Importance of knowing your values
In order to understand my values better, I immediately started to work on my values by jotting them down. I noted a total of 25 and am continuing to add more. One of my top values is Connection. I honour this value by regularly meeting up with friends, keeping in touch with old friends, and being open to meeting new people. This also extends to feeling connected spiritually which is why I do daily meditation and have started to practice Reiki. Respect is also very important to me, I always make sure to treat people with respect, and treat people equally whether they are a cleaner, a receptionist or CEO. Family is another important value, I like to connect with my family regularly, and five years ago I moved home to be closer to my family after seven years living abroad. I also live by the value of Order – I plan things in advance, everything has its own place in my house, my office and in my head. Another of my values is what I refer to as Commitment or Follow-through. It means that if I say I will do something, then I will do it. This ties in with my value of Achievement – I like to know that I have “got stuff done” by ticking it off my to-do list. Learning plays a big role in my life too. I like to learn about myself, learn new skills and ideas, and get better at things I can already do. Last year, I have completed seven courses, read 54 books, learned a lot about myself, tried new restaurants and new experiences.

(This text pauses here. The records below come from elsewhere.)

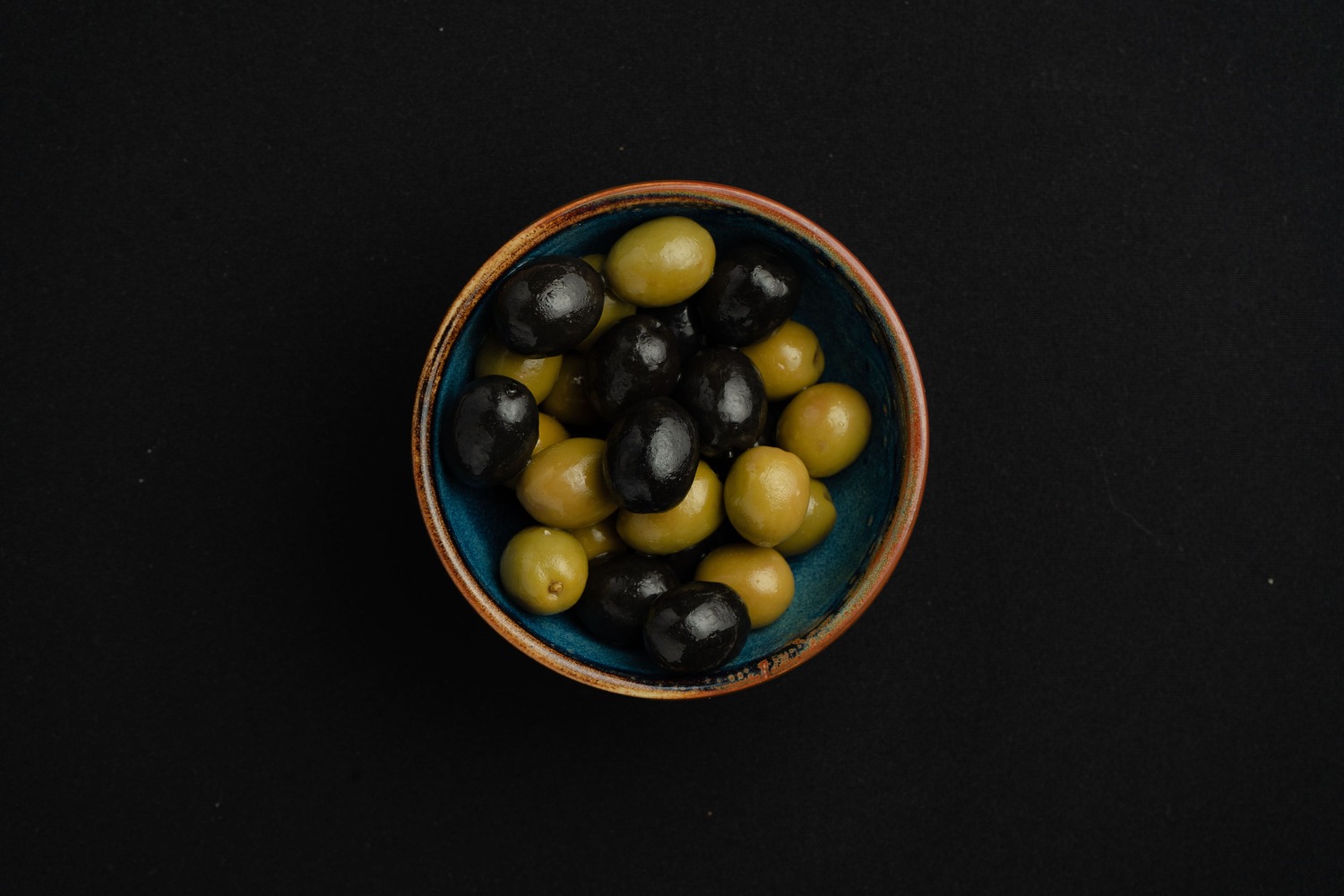 Оливки и маслины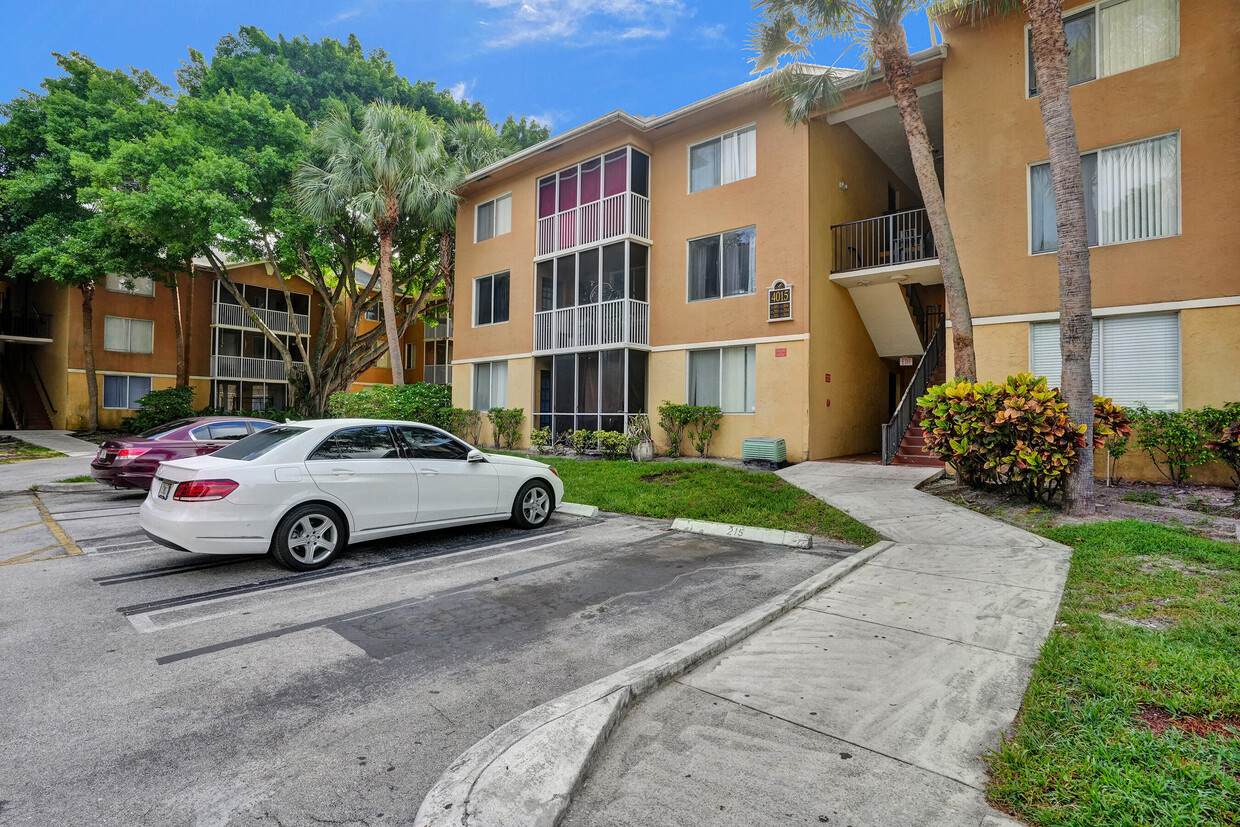 Foto principal - 4015 W McNab Rd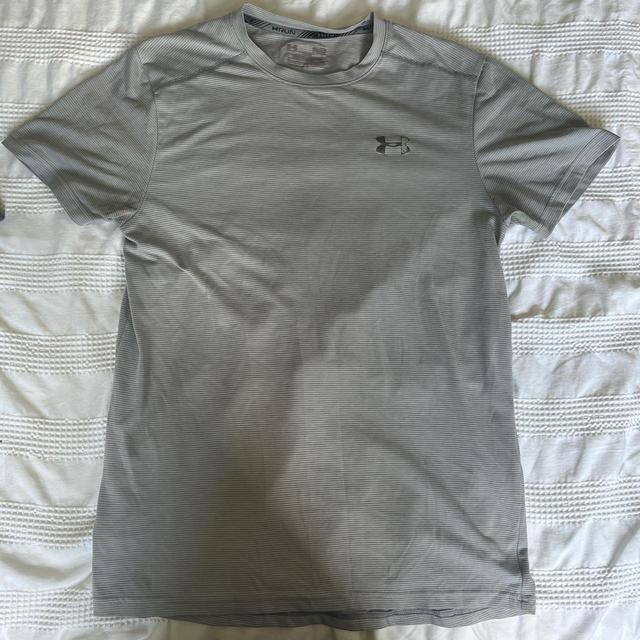 Under Armour Men's T-shirt - Grey/Silver - M on Productcaster.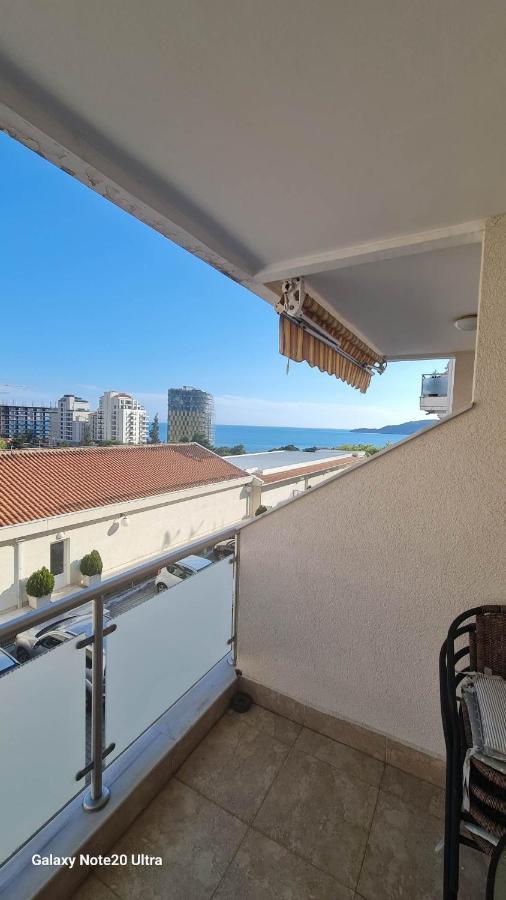 Irish Apartment Complex Μπούντβα Εξωτερικό φωτογραφία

Success to me means living a long and a fulfilling life. More and more, I am trying to live according to my values, setting clear goals for myself and using planning tools to achieve them. When I make strides towards these goals, it gives me even more confidence to continue, to achieve more. Since starting the diploma, I have become more aware of what my values are and implemented ways to respect them on an ongoing basis, as well as starting a success bank to record my achievements.